As we disclosed back in mid-January, we're targeting annual average production of 21,000-23,000 bbls of oil per day in 2025. I am happy to report that our production has averaged just over 23,000 bbls per day so far in 2025, including approximately 600 bbls per day from the Los Angeles field, which we acquired in late November 2024. This is already a substantial increase from Q4 2024, when our production average is 19,142 bbls per day and 2024 average production of 17,785 bbls per day. Although I wish oil prices were higher, it's important to keep in mind that we set our budget on the assumption of $75 per oil in 2025, and that is almost exactly what we have averaged year- to- date.
With that in mind, we continue to feel comfortable with our existing guidance for annual EBITDA of approximately $245 million, which is expected to comfortably support our $140 million capital program, and most importantly, our dividend payments of approximately $55 million.
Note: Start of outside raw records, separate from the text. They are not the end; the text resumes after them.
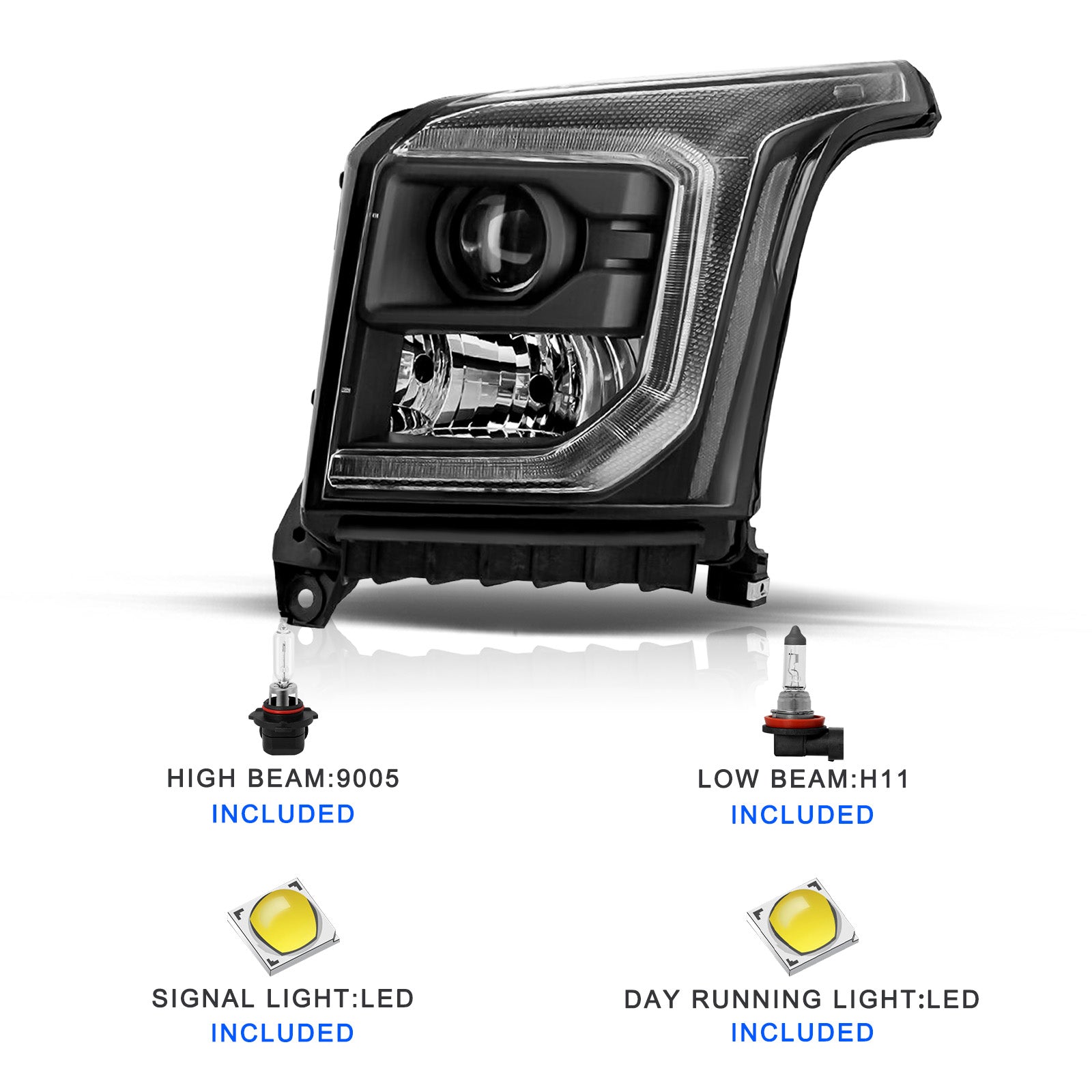 VehicleAid Headlights For 2015-2020 GMC Yukon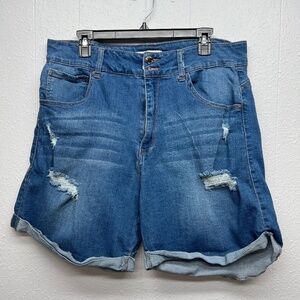 C'est Toi Distressed High Rise 5-Pocket Cut-Off Women's Denim Shorts Size 3XL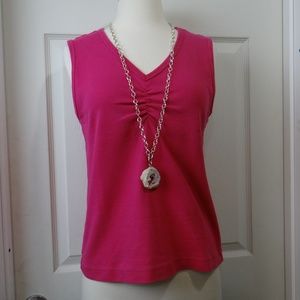 CHICO'S - Pretty in Pink V-Neck Ruched Front Top!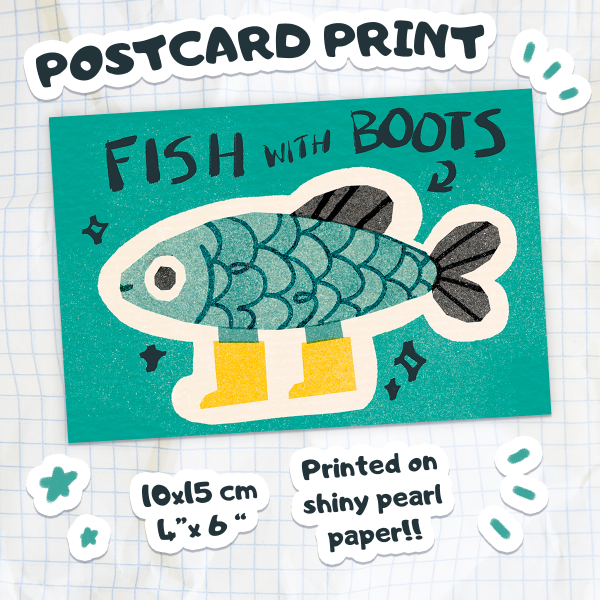Fish with Boots - Postcard Print [Original]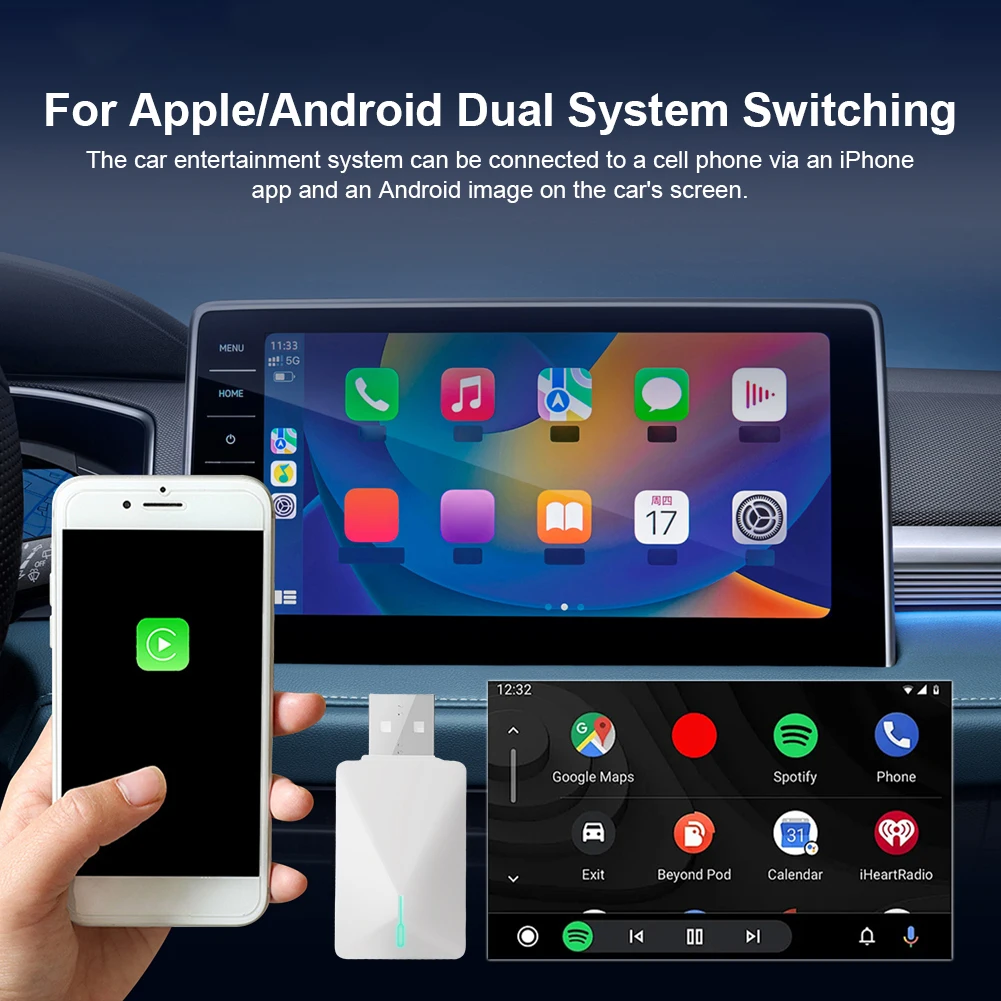 Умный USB-ключ Plug & Play беспроводной автомобильный адаптер Carplay для Android Wi-Fi BT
On slide three, we have a chart summarizing our reserve growth since the company began operations in 2018. We released our year-end 2024 reserve report on February the 20th, but as they are part of our year-end results, we should highlight them here. As you can see on this chart, PetroTal has shown growth in all three reserves categories every year since 2018. We ended 2024 with proved reserves of 67 million barrels, which represents a 40% increase compared to year-end 2023. Meanwhile, our highest value PDP reserve volumes increased by 59% over 2023.
Our reserve growth is largely due to an active drilling program at Bretaña, where we completed seven development wells in 2024, and also due to extended production history from existing wells, which has improved our independent reserve evaluators' confidence in the performance of our asset base. According to our independent reserve engineering firm, the value of our proved asset base increased to $1.1 billion at the end of 2024, which is obviously a substantial premium to our current market cap of around $430 million. This year, we will start work in the Los Angeles field, which is located in Block 131, and where we plan to do what we have done in Bretaña. I mean, double or triple its current certified 2P reserves. Moving to slide four, we have compared PetroTal's reserve replacement cost to its Latin American peers.
In 2024, our PDP FD&A costs were just $6.85 per barrel, while our proved FD&A costs were $7.52 per barrel. Over the past three years, our cumulative PDP FD&A costs just $8 per barrel, while our average proved FD&A cost is $8.75 per barrel. As you can see from the chart on the right side of this slide, we have the best reserve replacement costs in our peer group over the past three years, where the average FD&A cost is approximately $20 per barrel. I think it's also worth mentioning that while PetroTal has shown the best capital efficiencies in the peer group, we have also had some of the highest netbacks. For every barrel of oil we produce, we're able to fund the development of 5.4 additional barrels of new oil, which is by far the best ratio in the peer group.
In my opinion, these metrics are a sign of the quality of our asset base at Bretaña. This really is one of the best assets you will find in a small-cap company in Latin America, if not the world. As mentioned before, the idea is to replicate this in Los Angeles. I will now pass the call over to Camilo, who will run through some of our key financial results.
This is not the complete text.